Bitcoin Isn’t Gold, a Currency, Or a Risk Asset
Ok, so I might be biased, but Bitcoin is WAY cooler than either gold or the stock market. Those old school financial instruments follow rules; they perform in a semi-predictable manner, they are much more stable than cryptocurrencies, and they are part and parcel of an archaic financial system that just doesn’t seem to be working out so well. I guess after over 100 years of financial analysis, the traditional financial markets have become so damn correlated to various metrics that they are just. So. BORING.
Bitcoin is new, it is exciting, and it is above all else, it isn’t well understood. When the margin calls came, Bitcoin followed everything else on it’s way to the bottom. When the panicked investors caught their wits, Bitcoin followed the safe-haven assets like gold and bonds back up. But, what if these price movements aren’t correlations, but coincidences?
Bitcoin’s fundamentals are so different from gold, money and risk assets, it is almost laughable to think that BTC could serve the same single purpose as any of these assets in the global financial market. BTC is a currency, it is a store of value, it is a risk asset, a unit of account - you name it, Bitcoin can do it. Therefore, it is generally safe to assume that BTC will remain uncoupled from any one asset’s traditional market fundamentals - BTC is its own beast. I would argue that of all the assets to watch during the upcoming economic misery that is our lives, BTC will surprise the most people, the most times. When the Fed inevitably pushes the US to the brink of economic collapse, I wouldn’t be surprised to see Bitcoin act independently from USD, and skyrocket in value by orders of magnitude over gold or other forms of fiat. When the next big economic hit smacks us upside the head (like the housing market, perhaps?), I wouldn’t be surprised to see BTC plummet while gold stays the course.
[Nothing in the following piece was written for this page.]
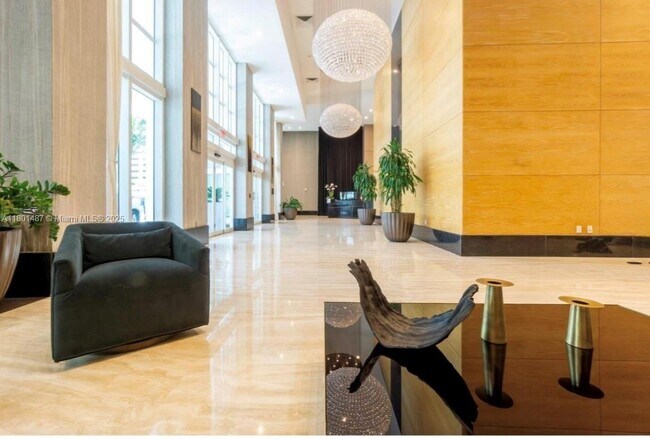Building Photo - 950 Brickell Bay Dr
And when the dust settles, and the stock markets begin to recover, I couldn’t even begin to speculate on what BTC might do as investors decide if they want to re-invest in the stock market or diversify to include crypto-assets.
So, during these uncertain economic times, you might see a lot of pundits try to answer the question: “is Bitcoin a safe-haven?”. My advice would be to take the prevailing analysis of the day with a grain of salt, and be certain of only one thing:
Nothing about Bitcoin is ever predictable, but right now, it's volatility seems to fit right in.
Disclaimer: information contained herein is provided without considering your personal circumstances, therefore should not be construed as financial advice, investment recommendation or an offer of, or solicitation for, any transactions in cryptocurrencies.